Recorded data:
....

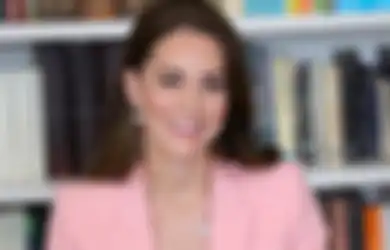Pesona Kate Middleton Kenakan Setelan Pink Saat Tampil Formal Menawan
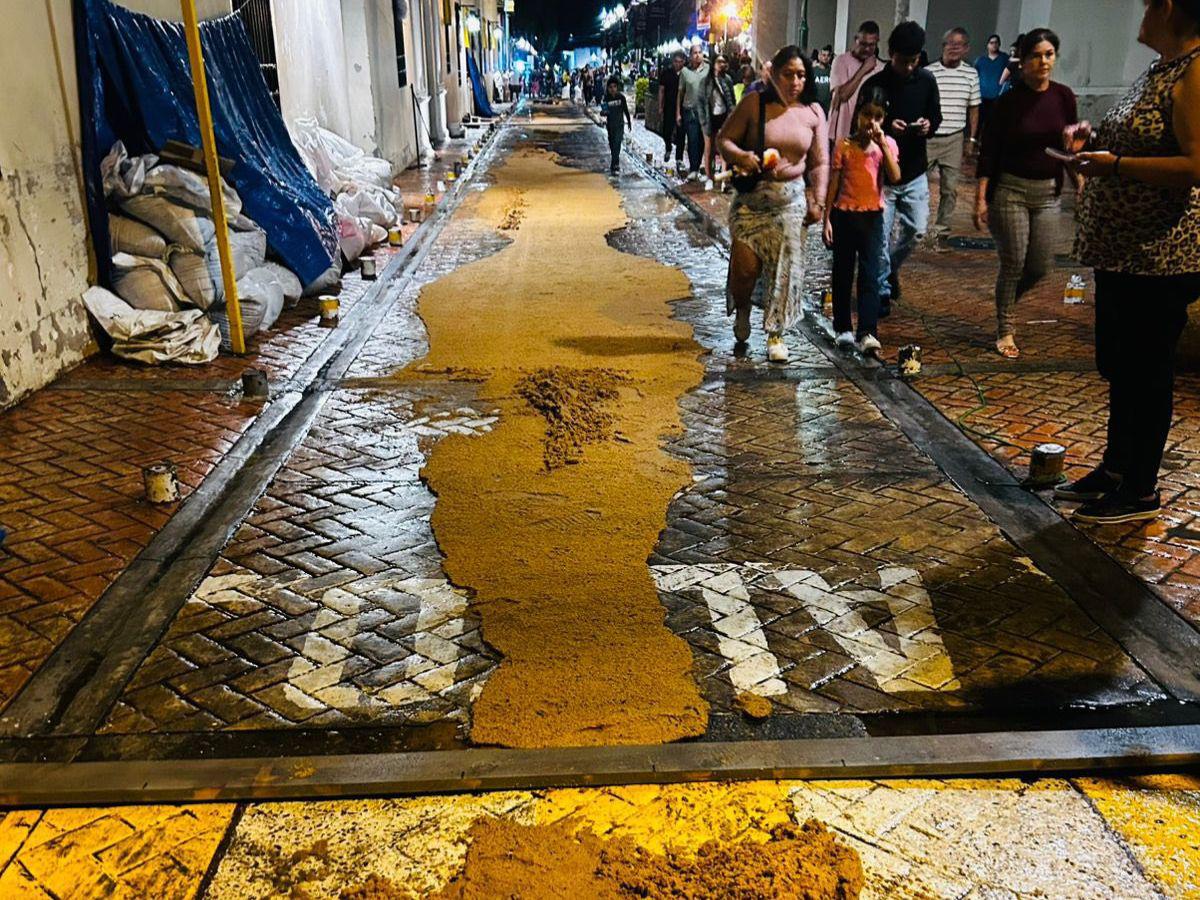 A contrarreloj, Comayagua reconstruye sus alfombras luego de las intensas lluvias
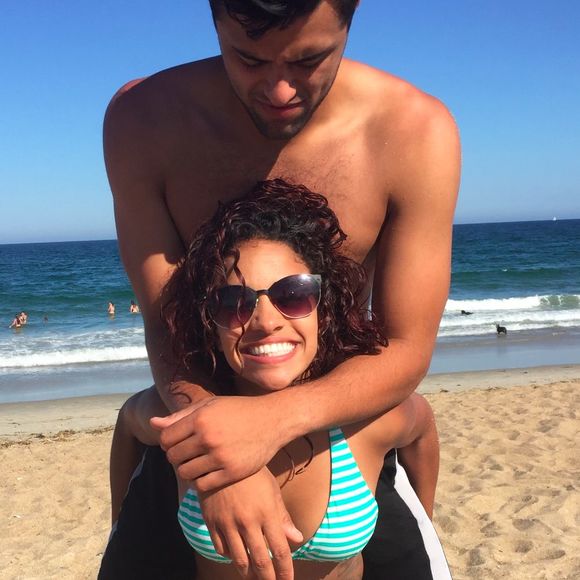 Profile Picture of Essah Chisholm (@dowdyea) on Poshmark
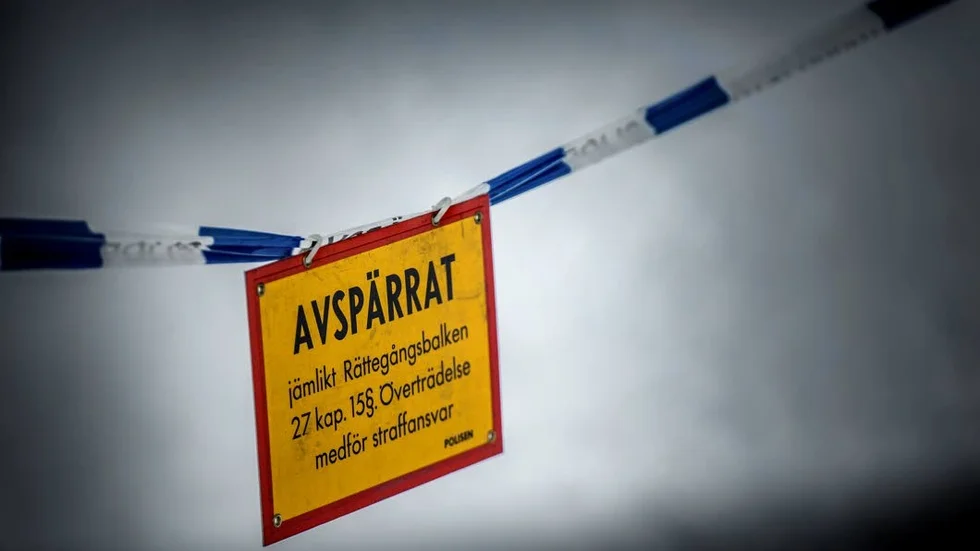 Polisen har spärrat av ett lägenhetshus i Skelleftehamn, där ett misstänkt mord inträffat. (Arkivbild)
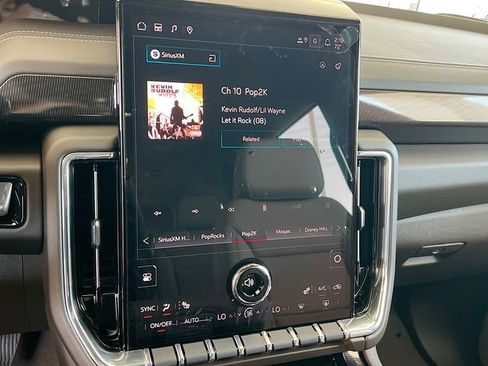 New 2026 GMC Yukon XL Elevation image 10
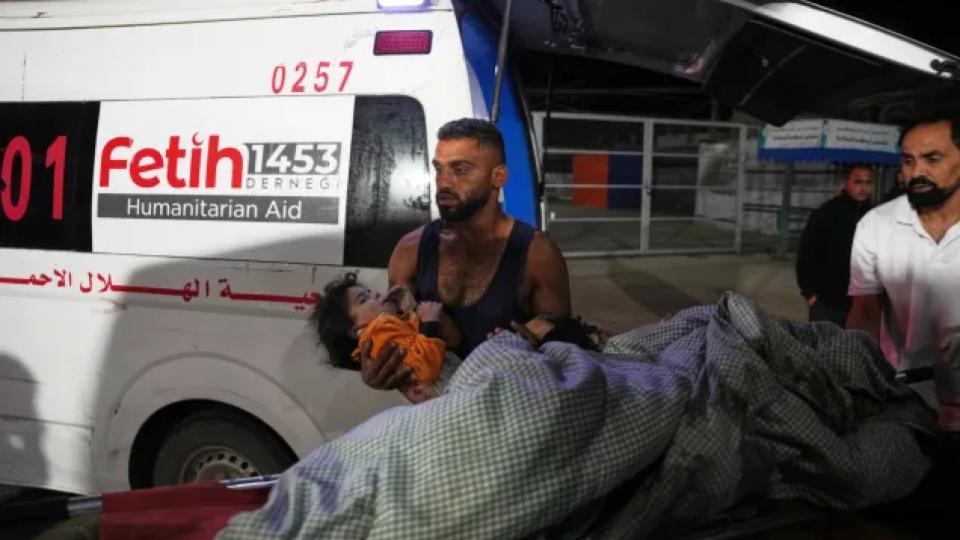 Israel strikes overnight in Gaza kills 60 people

....

## TRY IT
Begin at the first line of the entries and stop after the line holding "Profile Picture of"; repeat those lines exactly, but not the pictures.

## ANSWER TO THE PROBLEM
Pesona Kate Middleton Kenakan Setelan Pink Saat Tampil Formal Menawan
 A contrarreloj, Comayagua reconstruye sus alfombras luego de las intensas lluvias
 Profile Picture of Essah Chisholm (@dowdyea) on Poshmark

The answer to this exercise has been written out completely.